[Brief descriptive captions]
──────────────────────────────

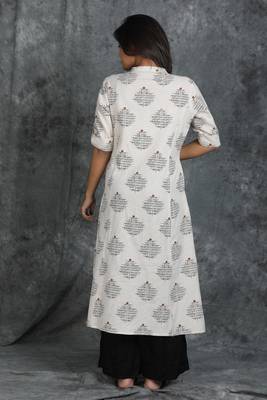White printed cotton cotton-kurtis 2
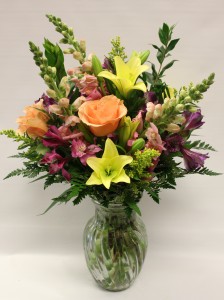 Spring Peach Vase Arrangement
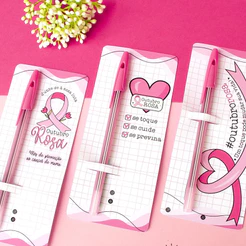 Porta Caneta Lembrancinhas Outubro Rosa Mulher Cliente Mimo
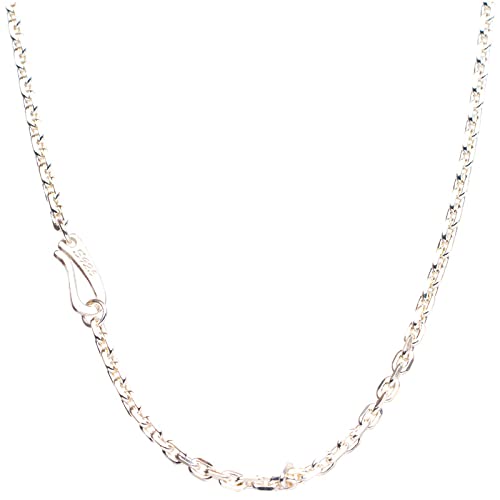 Collier argent sterling 925 massif StarGems 55 cm maille jante de 3mm pour homme et femme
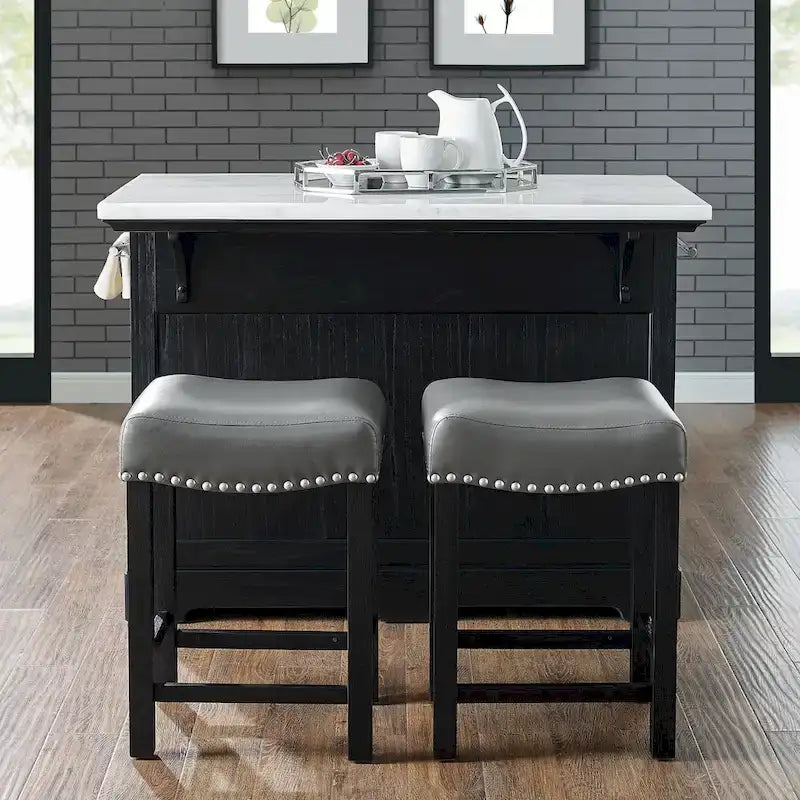 Tabourets de comptoir gris en similicuir - lot de 2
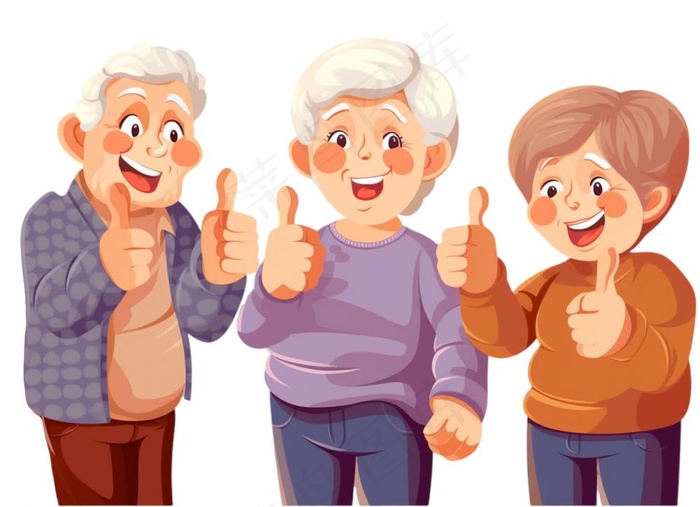 老人合照团聚卡通插画免抠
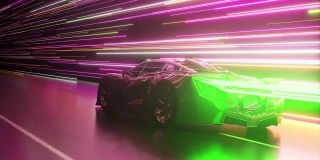 未来的概念。跑车在发光的霓虹灯线的背景上。绿色氖激光器。无缝循环的3d动画
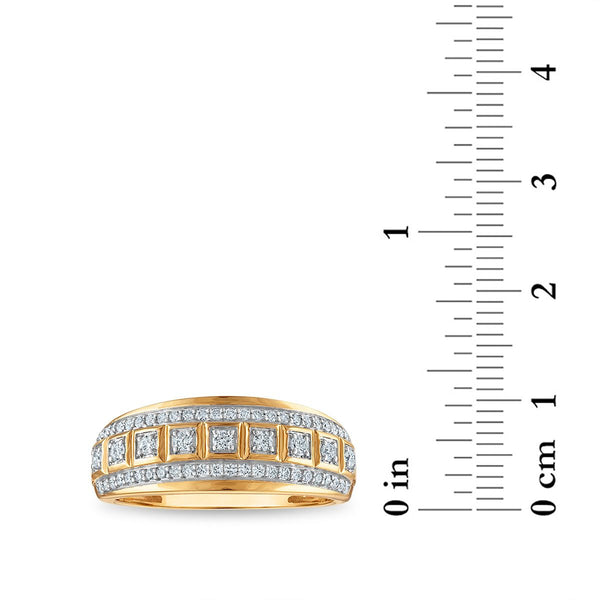 EcoLove 2 CTW Lab Grown Diamond Princess Cut Wedding Trio Set in 10KT Yellow Gold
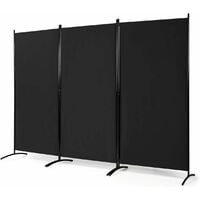 COSTWAY Paravent sur Pied 3 Panneaux Pliable,Brise Vue，Cloison de Séparation Pièce Protéger Privée, 260 x 183 CM Noir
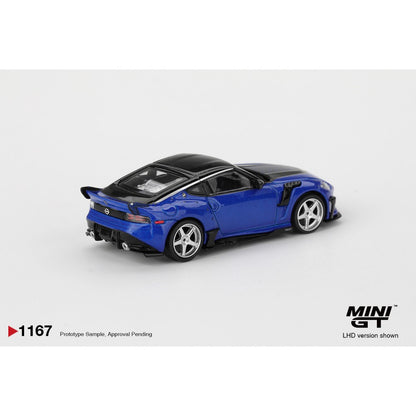 Nissan Z VeilSide FFZ400 Seiran Blue (LHD) Blister Packaging 1:64 Mini GT Model Car (MGT01167-BL)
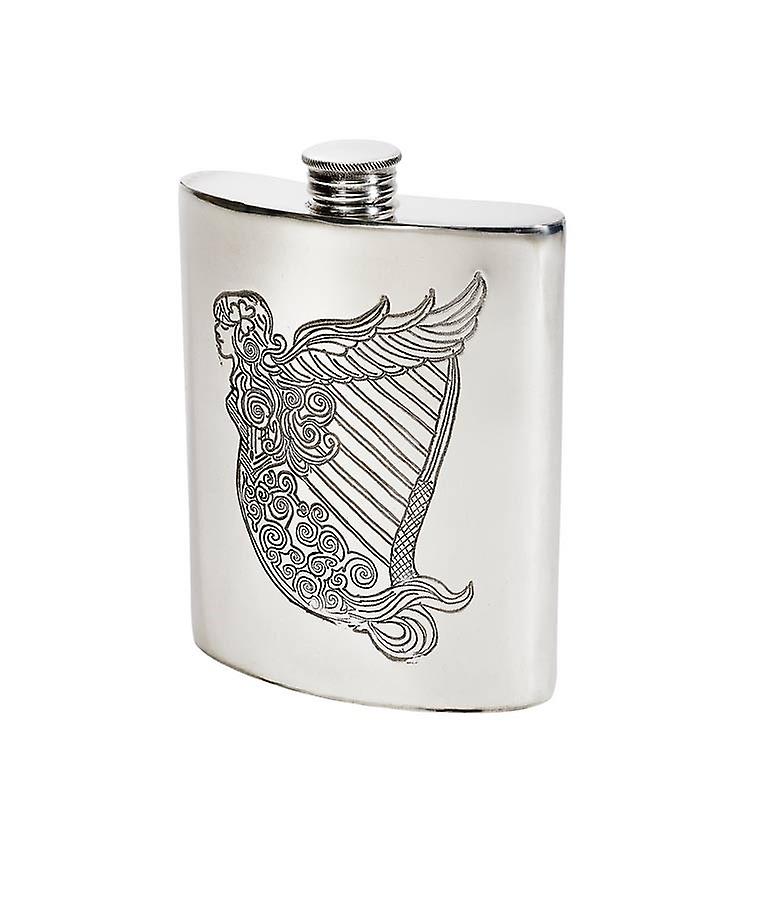 Harp Embossed Standard Pewter Flask - 6oz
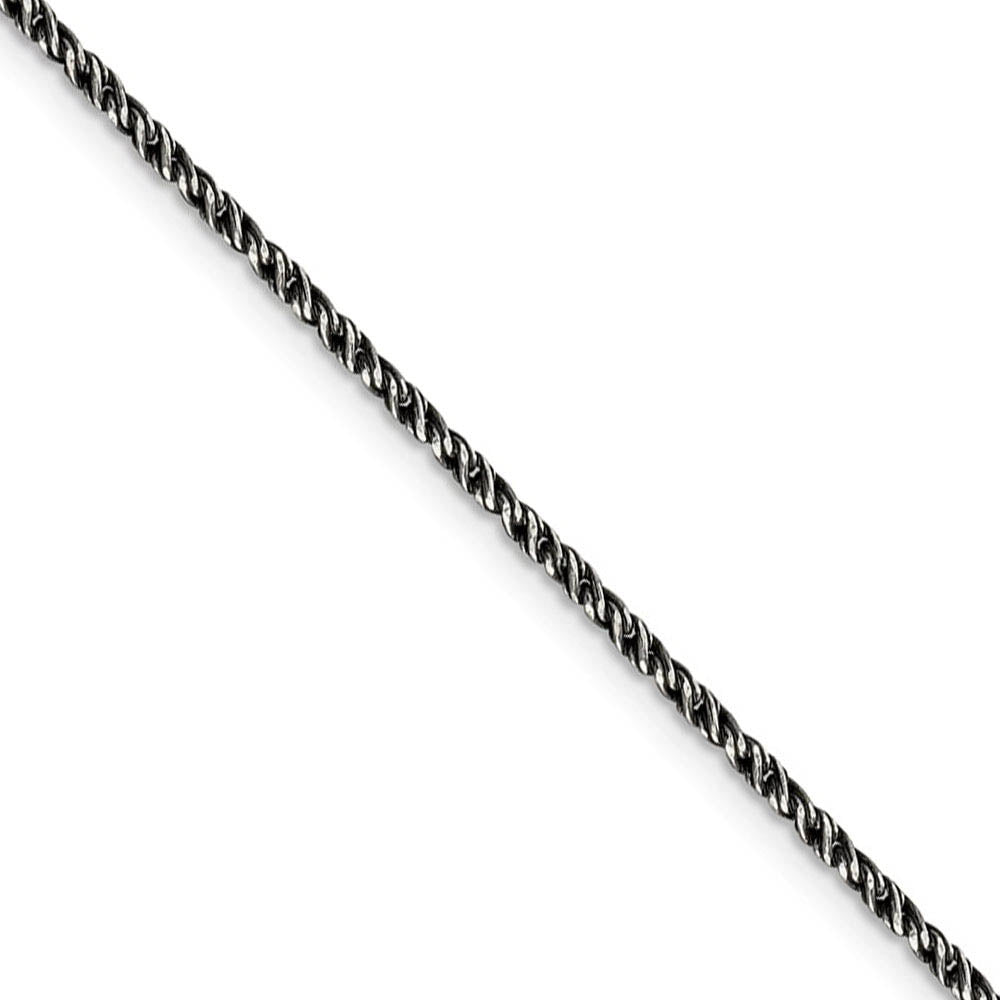 1.7mm Sterling Silver Black Plated Solid Twisted Wheat Chain Necklace, Item C9649 by The Black Bow Jewelry Co.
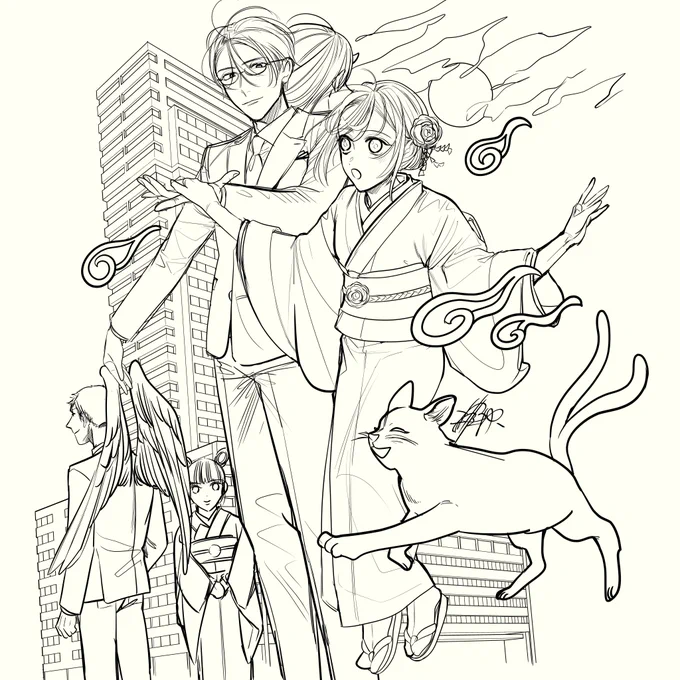 4月22日(金)より、KADOKAWA COMIC BRIDGEにて、マサト真希先生(@masatomaki )原作「百鬼夜行とご縁組 あやかしホテルの契約夫婦」のコミカライズ連載が始まります。ついに情報解禁です!同日発売の原作5巻の帯及びその他諸々にも告知でお邪魔しています…! https://t.co/wsJxWt41x9 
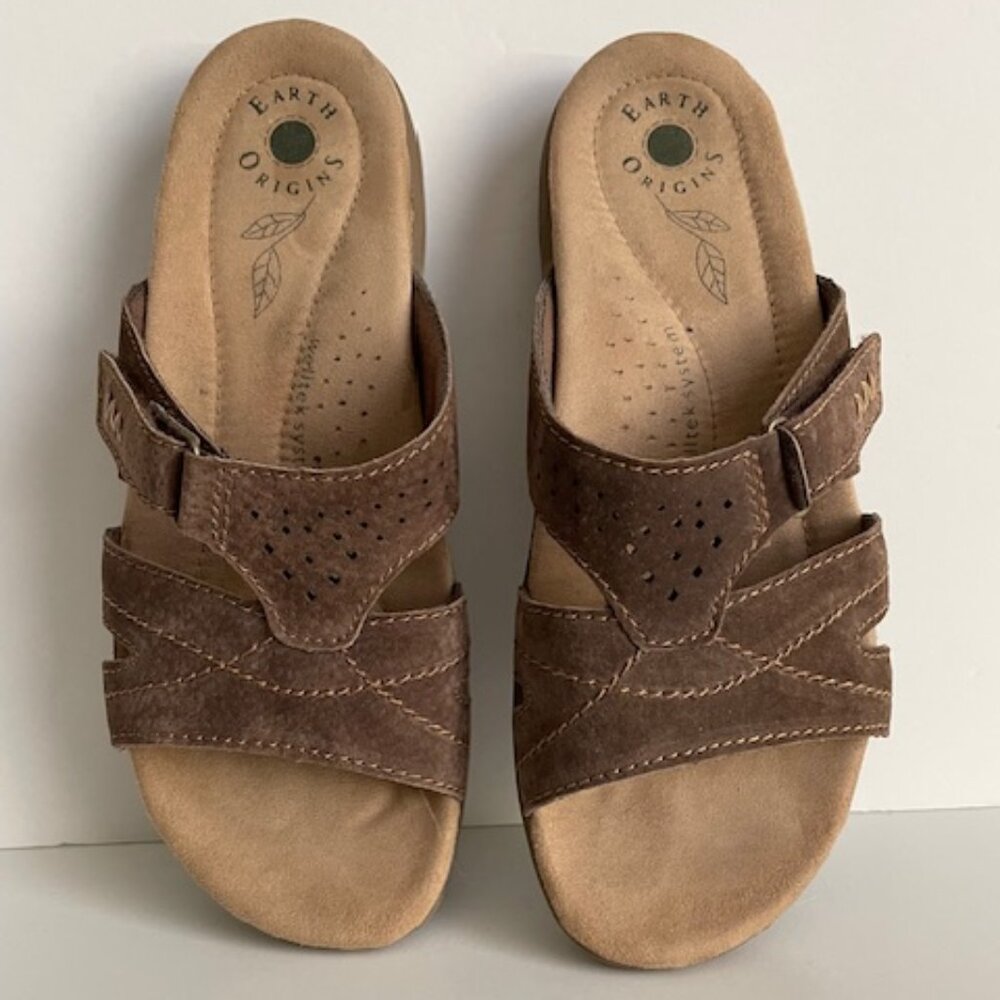 Earth Origins Brown Suede Slide Sandals Adjustable Hook & Loop Closure size 10
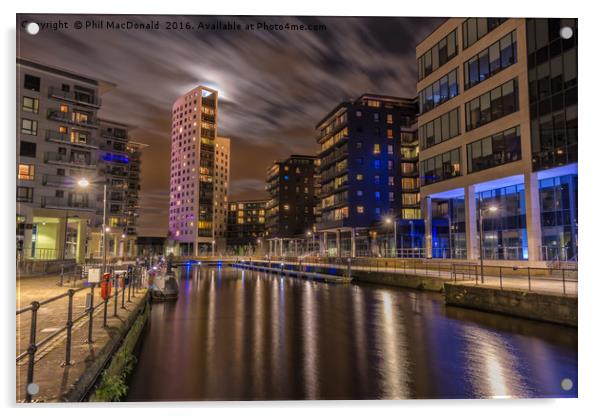 Leeds Dock, Full Moon Acrylic by Phil MacDonald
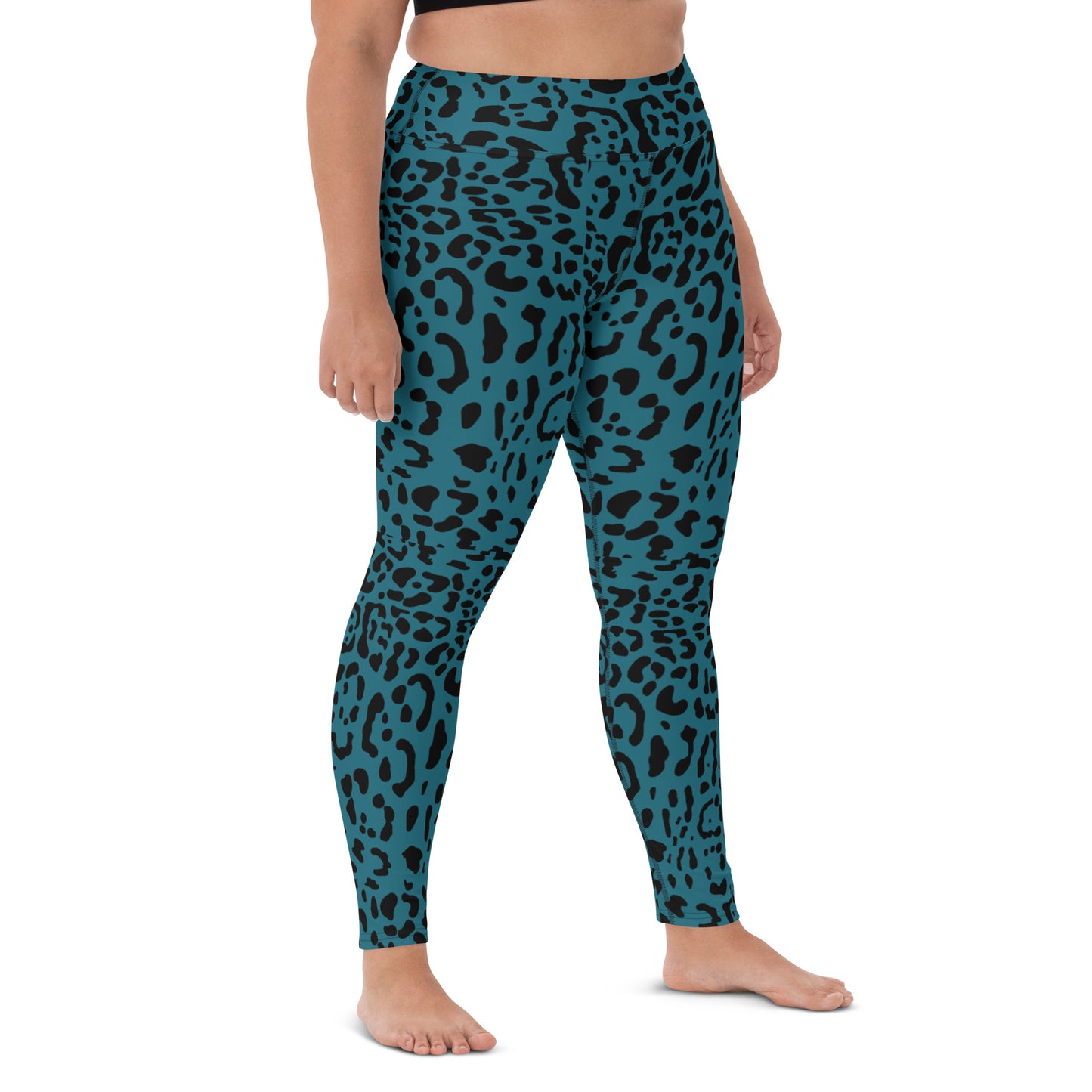 Teal and Black Rosette Leggings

──────────────────────────────

*What the task asks*.
Write out the lines from the line with "Tabourets de comptoir" through the end of the records exactly; do not include pictures or any other lines.

*Expected output*.
 Tabourets de comptoir gris en similicuir - lot de 2
 老人合照团聚卡通插画免抠
 未来的概念。跑车在发光的霓虹灯线的背景上。绿色氖激光器。无缝循环的3d动画
 EcoLove 2 CTW Lab Grown Diamond Princess Cut Wedding Trio Set in 10KT Yellow Gold
 COSTWAY Paravent sur Pied 3 Panneaux Pliable,Brise Vue，Cloison de Séparation Pièce Protéger Privée, 260 x 183 CM Noir
 Nissan Z VeilSide FFZ400 Seiran Blue (LHD) Blister Packaging 1:64 Mini GT Model Car (MGT01167-BL)
 Harp Embossed Standard Pewter Flask - 6oz
 1.7mm Sterling Silver Black Plated Solid Twisted Wheat Chain Necklace, Item C9649 by The Black Bow Jewelry Co.
 4月22日(金)より、KADOKAWA COMIC BRIDGEにて、マサト真希先生(@masatomaki )原作「百鬼夜行とご縁組 あやかしホテルの契約夫婦」のコミカライズ連載が始まります。ついに情報解禁です!同日発売の原作5巻の帯及びその他諸々にも告知でお邪魔しています…! https://t.co/wsJxWt41x9 
 Earth Origins Brown Suede Slide Sandals Adjustable Hook & Loop Closure size 10
 Leeds Dock, Full Moon Acrylic by Phil MacDonald
 Teal and Black Rosette Leggings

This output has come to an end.